Trevelyan seems aware that he is speaking to an audience that needs, for example, to be reminded that a “barton” is a farm, or of the later legal views of Sir Edward Coke. But there is a danger that his many fascinating notes will only confirm the sense that this is a distant history, less necessary knowledge than charming antiquarianism. That would be unfortunate, for this book keeps rewarding its readers with new pleasures.

The similarity of name is no coincidence, for Trevelyan is a descendant of Ralegh. (He also explains why he uses the spelling “Raleigh” despite the preference of today’s scholars.) The familial connection is entirely to our benefit, for though the author is not in the least partisan (he is, for example, more attuned to the worldview of Ralegh’s great enemy, Spain’s ambassador Conde de Gondomar, than any previous English author), in his many notes and asides he is the most generous and engaging of guides through the sidelines of local and family history that enhance his main story.

Over the years he has visited the key sites in Ralegh’s life, which gives his narrative the added appeal of armchair historical travel. Yet another personal connection frames his tale, for he begins and ends with a dismissive deathbed evaluation of Ralegh he heard from the great Elizabethan scholar, A.L. Rowse: “He was a liar.” In a sense, this work is Trevelyan’s investigation into whether that is all that need be said about Ralegh. The book clearly answers: It is not.

Ralegh was probably born in 1554 in East Budleigh, Devon. Trevelyan shows his personal touch in describing the town as it is today, and giving us just enough family history -- there is more in an appendix for the genealogy fan -- to get a sense of the family’s status and standing. Though they were neither of noble blood nor especially well off, the Raleghs had two important advantages: As fervent Protestants they were allied with Elizabeth when she became queen, and by close relationship and temperament, they were linked to the great privateer explorers of the day, such as Francis Drake and Humphrey Gilbert. Fighting for faith and sailing off, as he put it, for “gold, for praise, for glory” were Ralegh’s heritage.
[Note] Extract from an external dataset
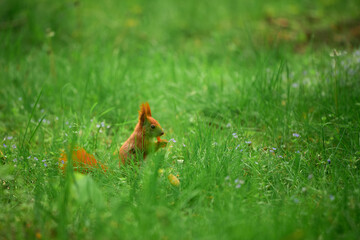 A furry squirrel enjoys snack outdoors © AlexGo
The religious wars in which Ralegh fought, perhaps as early as age 14, were grim affairs, and this early exposure to slaughter in the name of God influenced the rest of his life. He was unafraid of death because he had a very clear sense of its inevitability. He had a streak of cold-blooded determination that allowed him to participate in a massacre of Catholics in Ireland and contributed to the image of him as a soulless Machiavellian.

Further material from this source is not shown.